(Pictures with short captions)

******

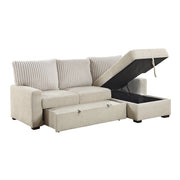 9605BE*2LLRC (2)2-Piece Sectional with Right Chaise and  Drop-Down Cup holders, Storage Pouch,  Pull-out Bed and Hidden Storage - 9605BE*2LLRC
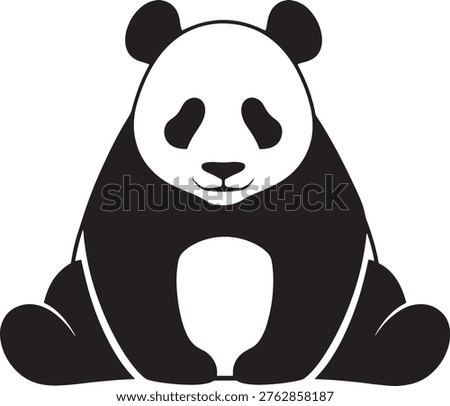 Stylized black and white illustration of a sitting panda bear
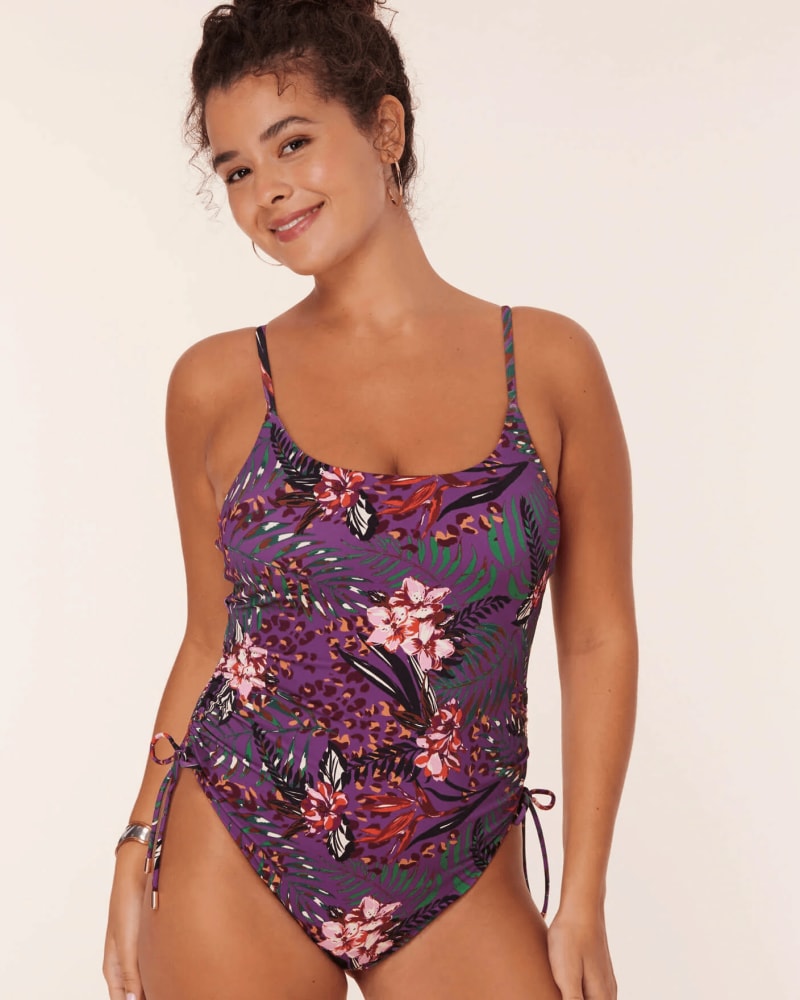 Front of a model wearing a size XXL The Waikiki One Piece in Dark Palm by Andie Swim. | dia_product_style_image_id:322415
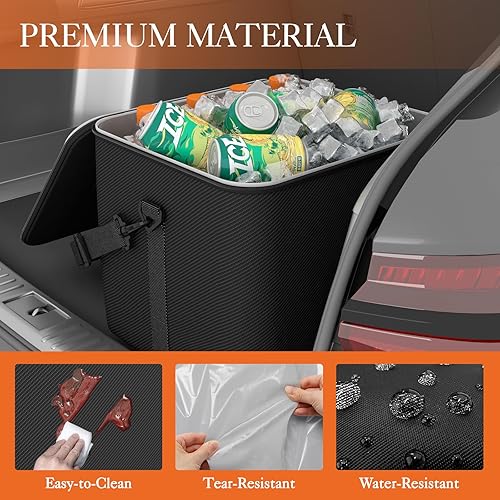 Miniatura 5 de HOTOR Bolsa térmica para organizador de maletero, enfriador portátil para organizador de automóvil, enfriador de automóvil a prueba de fugas para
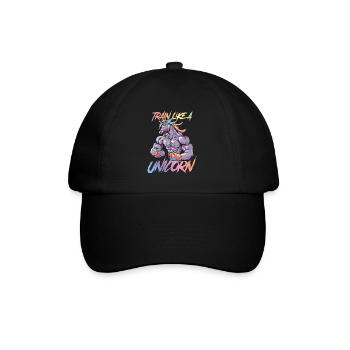 einhorn unicorn training power bunt gym - Baseballkappe - Schwarz/Schwarz - Vorne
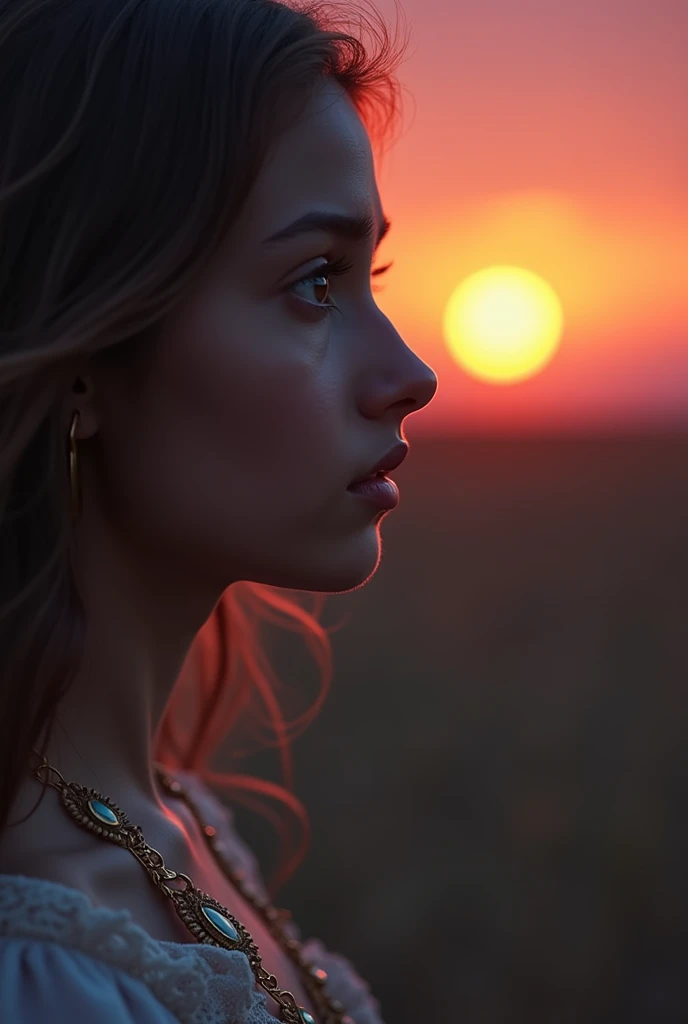 As the sun begins to set, Arzoo girl stands still, watching the colors fill the sky. The camera captures the reflection of the sunset in her eyes.) send this type of pictures and write name on the picture arzoo Faisal name
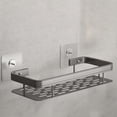 thumbnail image 1 of Cesta de montada en la pared Organizador de especias de cocina Cesta de champú Soporte de estante de drenaje Sin taladrar Estantes flotantes Una sola capa Soledad Estante de baño, 1 of 10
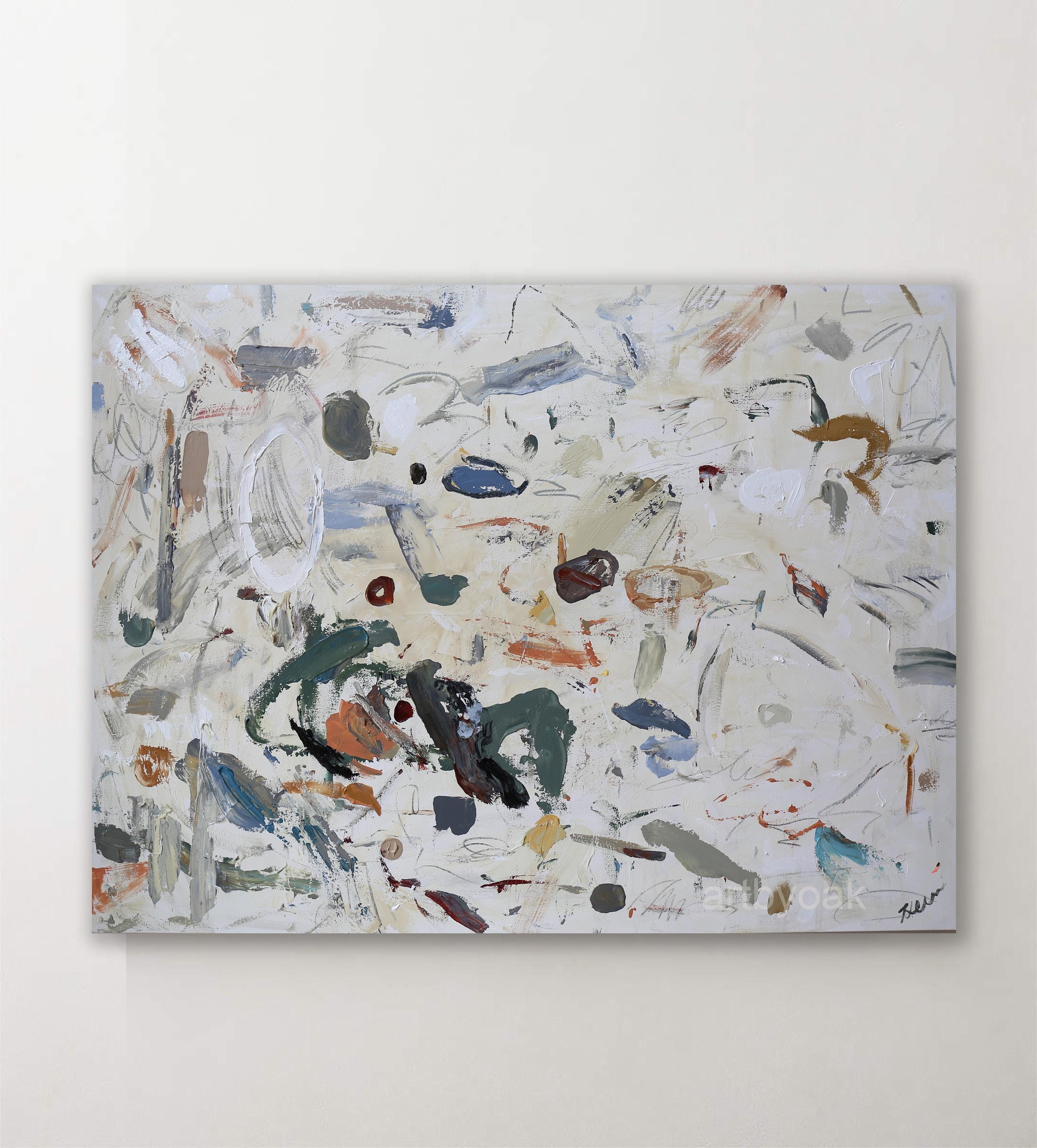 オリジナル抽象アクリル画、アイボリー＆グリーン、36x48 - Etsy 日本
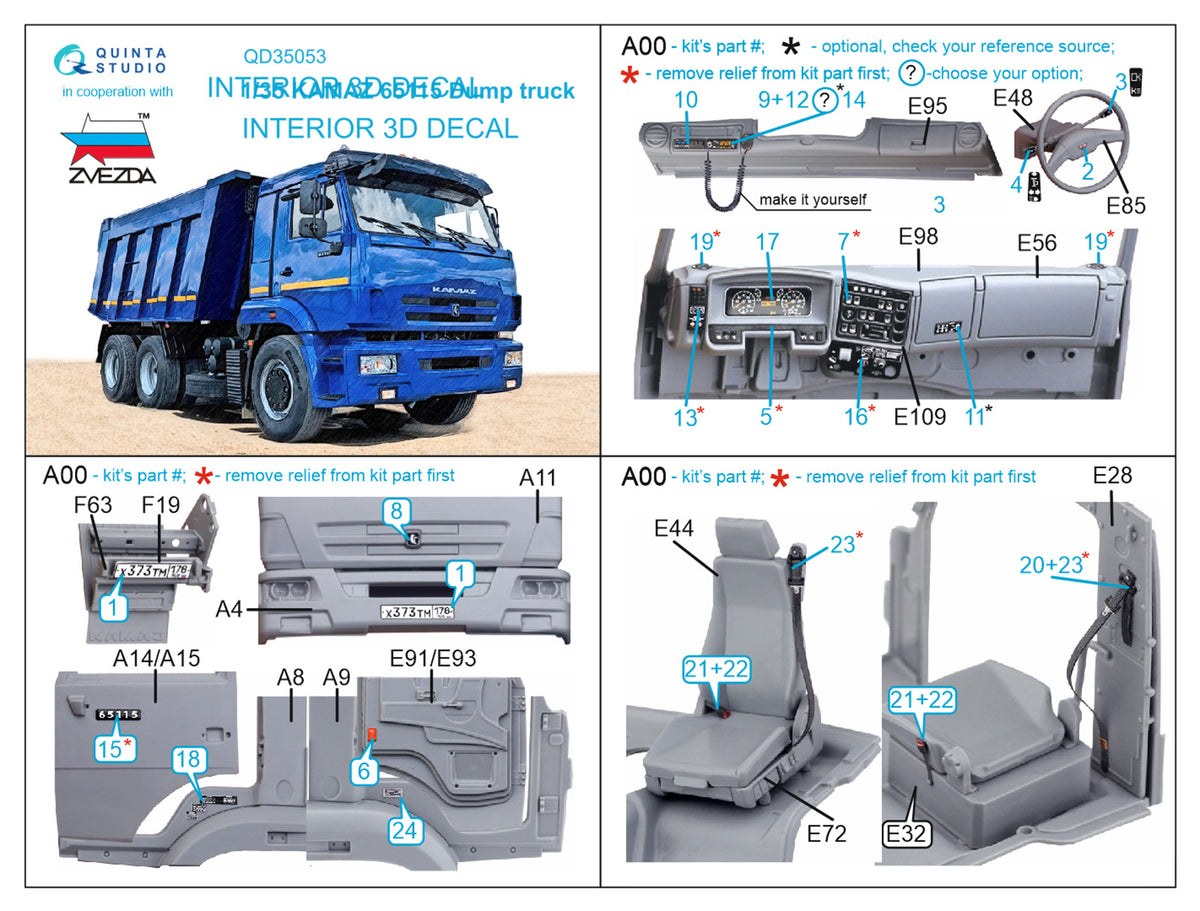 KAMAZ 65115 Dump truck 3D-Printed coloured Interior on decal paper (designed to be used with Zvezda kits)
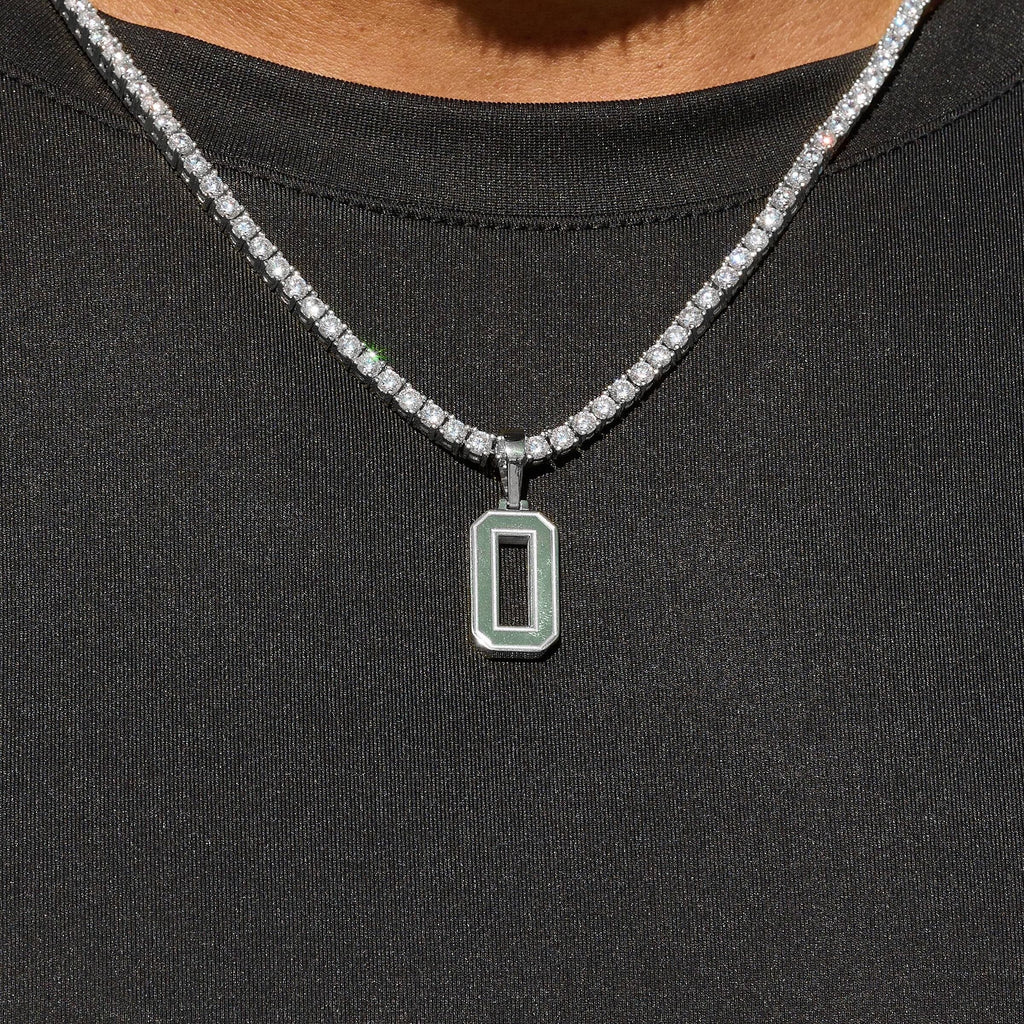 GLD PROMO SETS Micro Block Number Pendant in White Gold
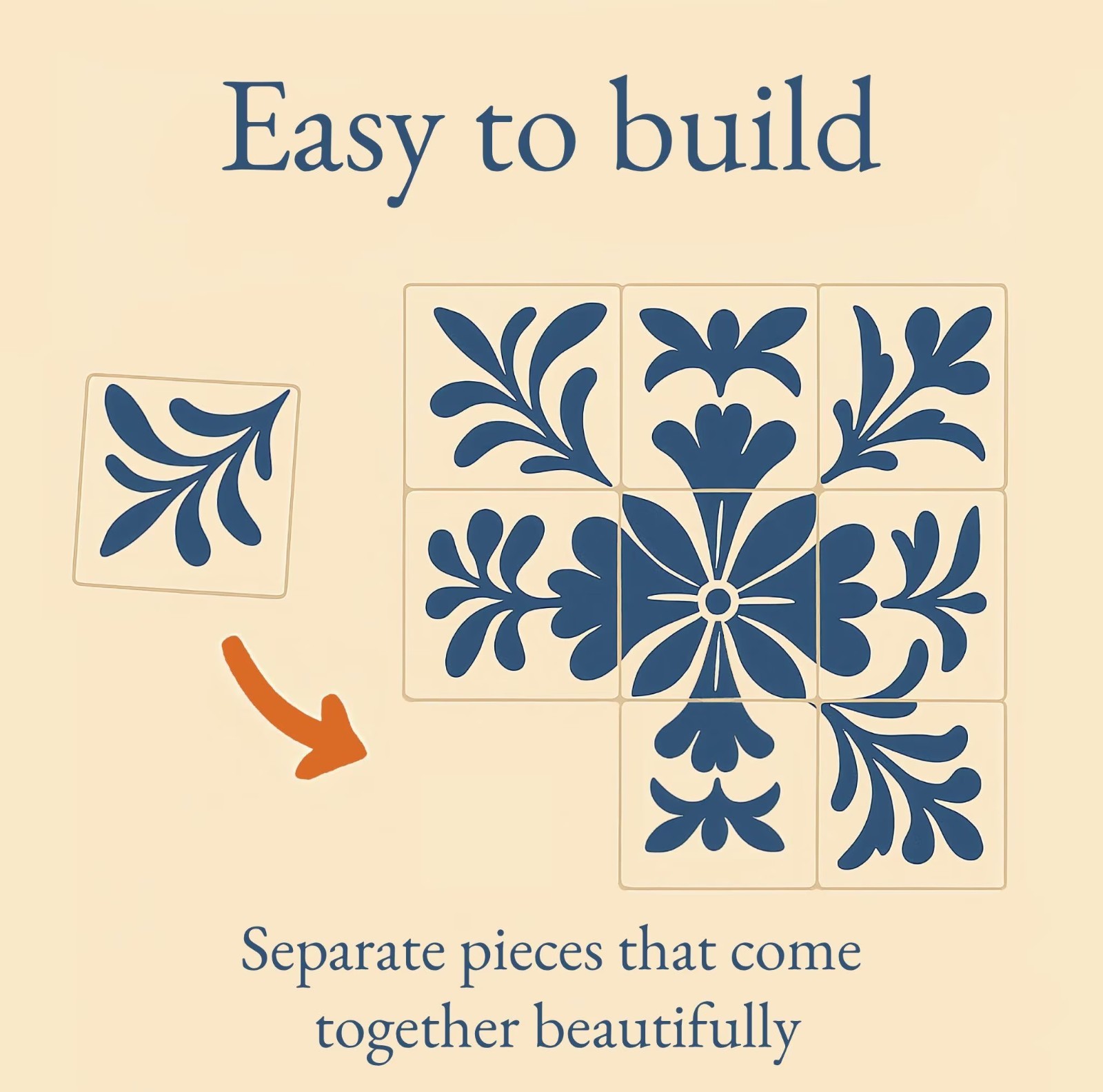 Equestrian Ceramic Tile Mural – Black & White Horses, Blue Floral Wall Art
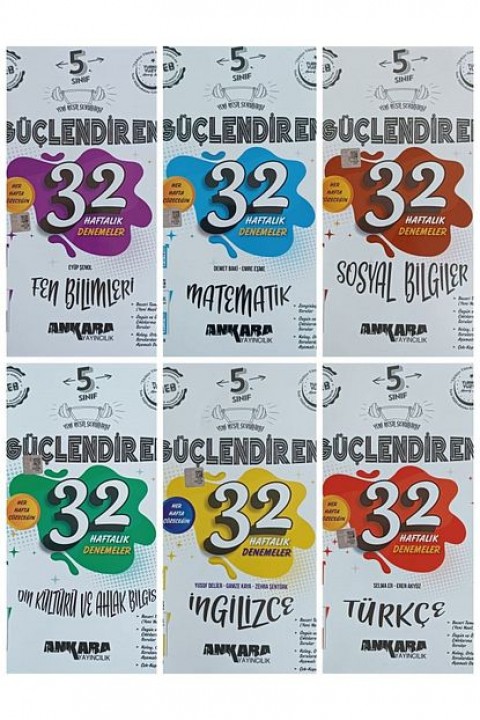 ANKARA YAYINCILIK 5.SINIF GÜÇLENDİREN  32 HAFTALIK DENEME SET 6 KİTAP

******

__EXERCISE DIRECTIONS__: Please write out, exactly, every line from the line with "オリジナル抽象アクリル画、アイボリー＆グリーン、36x48 - Etsy 日本" through the final line of the data above, leaving out pictures.

__REPLY TO THE TASK__:
 オリジナル抽象アクリル画、アイボリー＆グリーン、36x48 - Etsy 日本
 KAMAZ 65115 Dump truck 3D-Printed coloured Interior on decal paper (designed to be used with Zvezda kits)
 GLD PROMO SETS Micro Block Number Pendant in White Gold
 Equestrian Ceramic Tile Mural – Black & White Horses, Blue Floral Wall Art
 ANKARA YAYINCILIK 5.SINIF GÜÇLENDİREN  32 HAFTALIK DENEME SET 6 KİTAP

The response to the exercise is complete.